§ Your instructions
An exact copy of the listing below is the answer, with the pictures removed.

§ Provided data
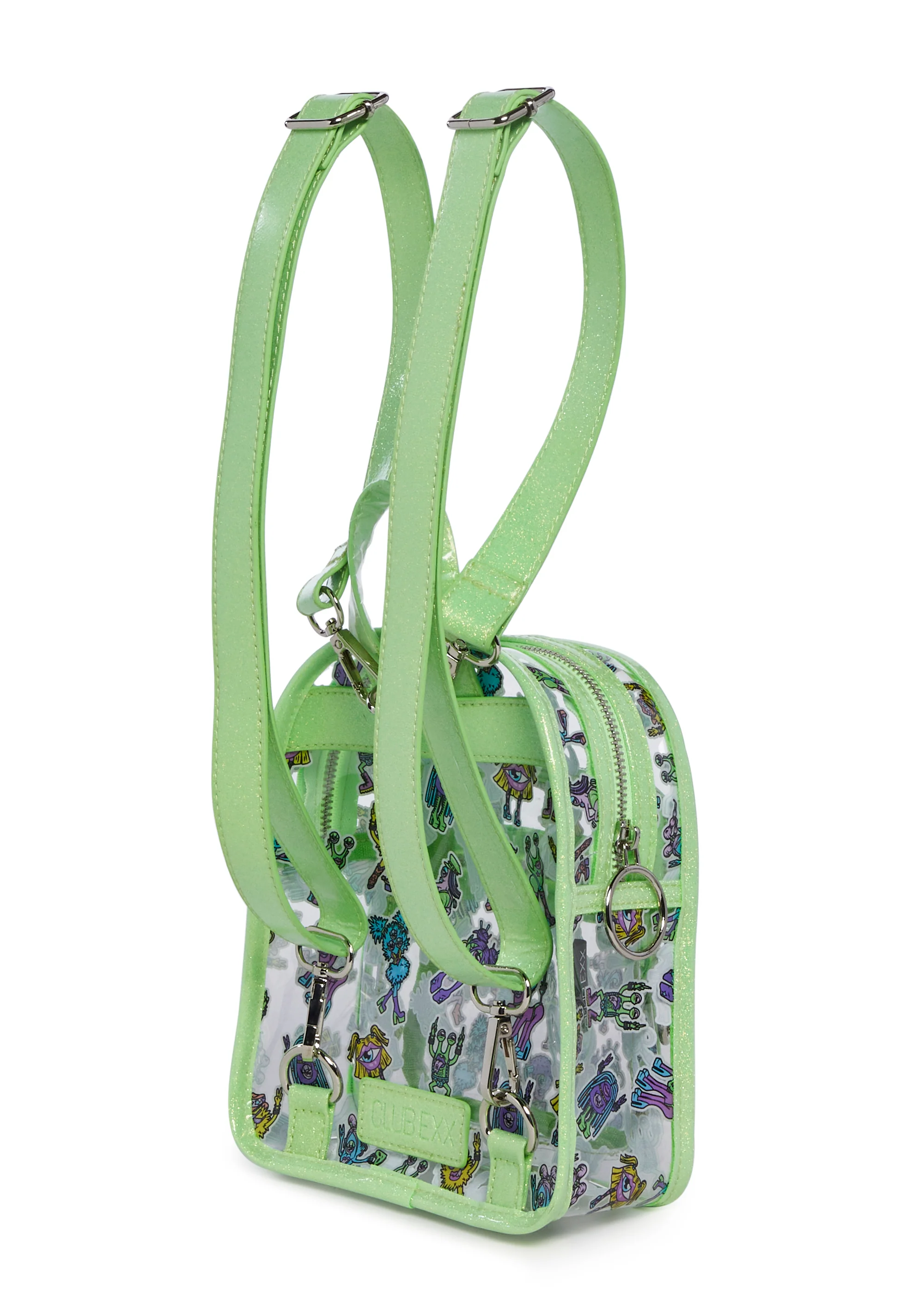 Stellar Mode Mini Backpack - Monster - Image 4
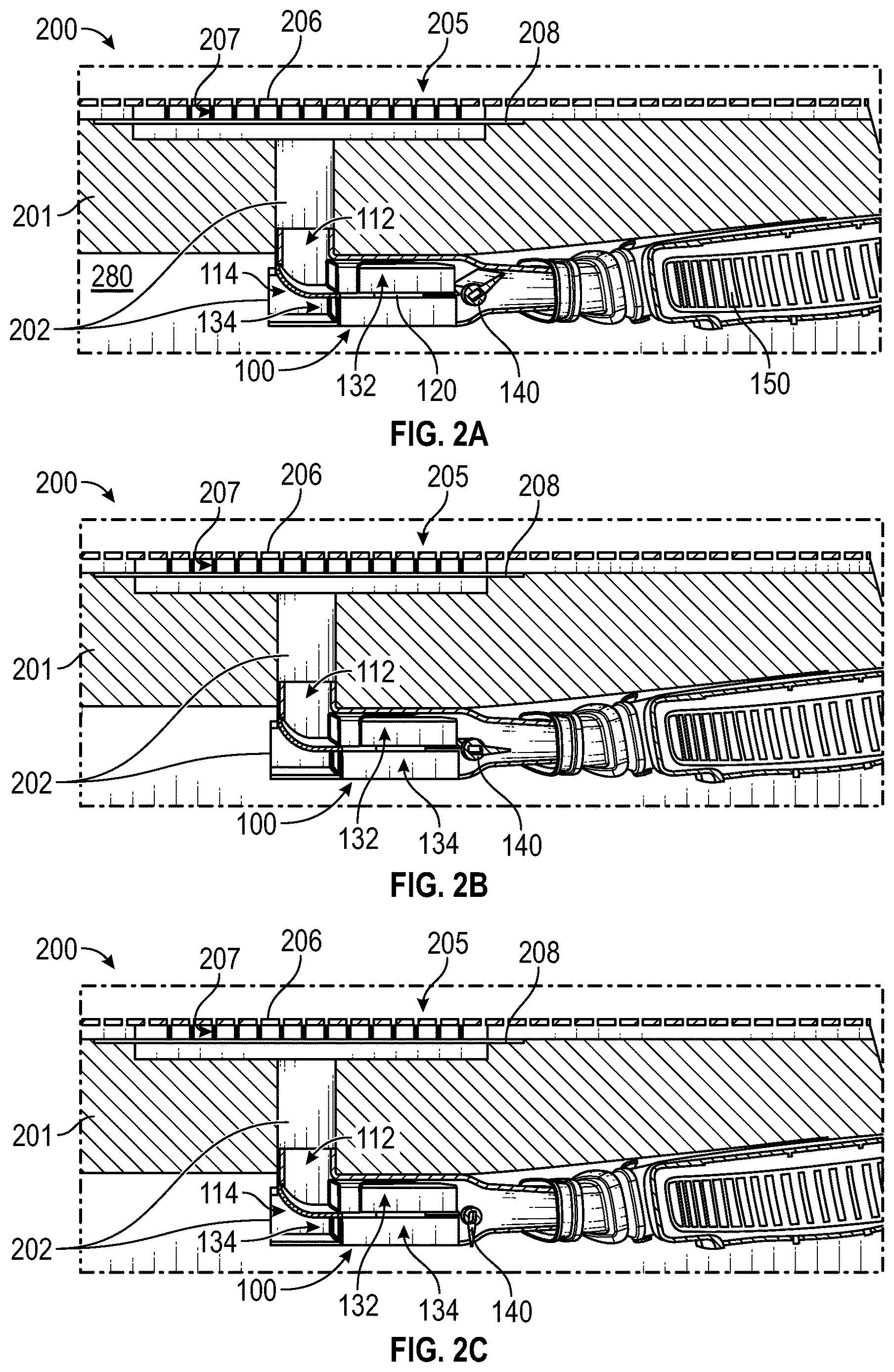 Patent US12611909 Figure 2 – Preconditioning surfaces using intelligent thermal effectors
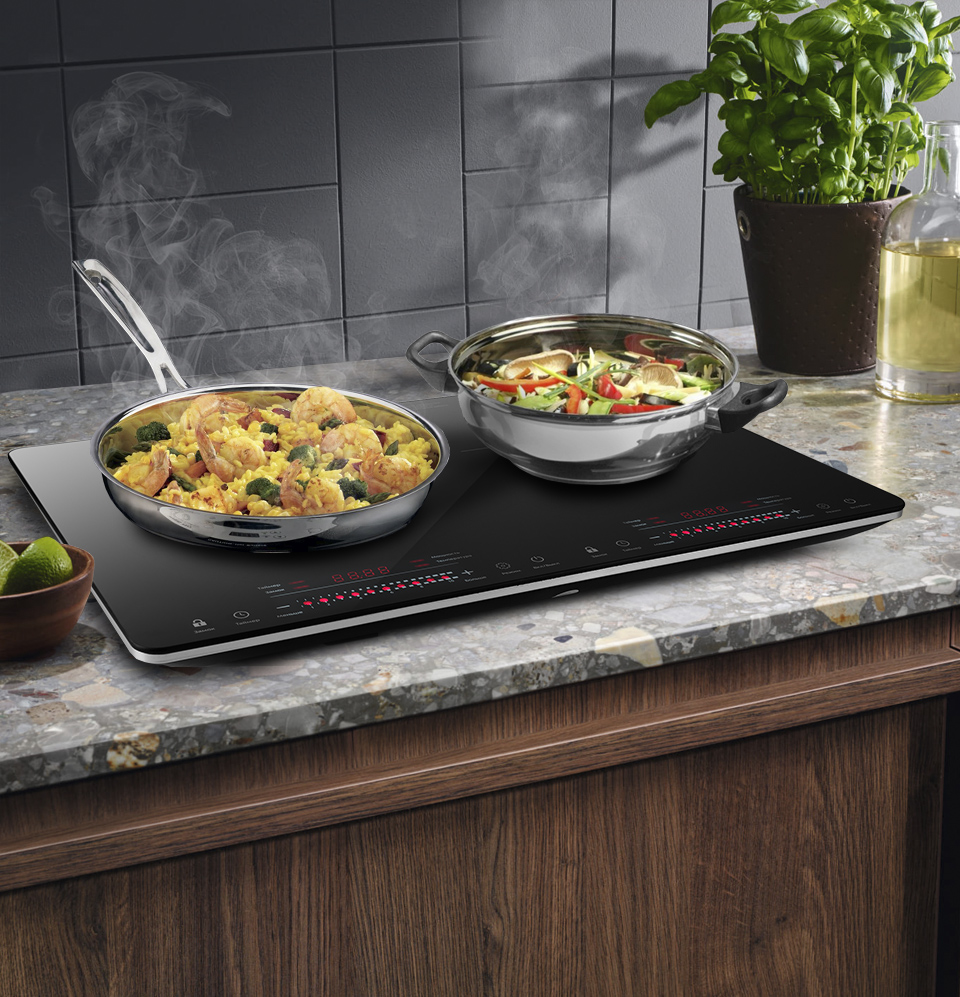 Купить Плитка Kitfort КТ-128 — Фото 2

§ Answer section
 Stellar Mode Mini Backpack - Monster - Image 4
 Patent US12611909 Figure 2 – Preconditioning surfaces using intelligent thermal effectors
 Купить Плитка Kitfort КТ-128 — Фото 2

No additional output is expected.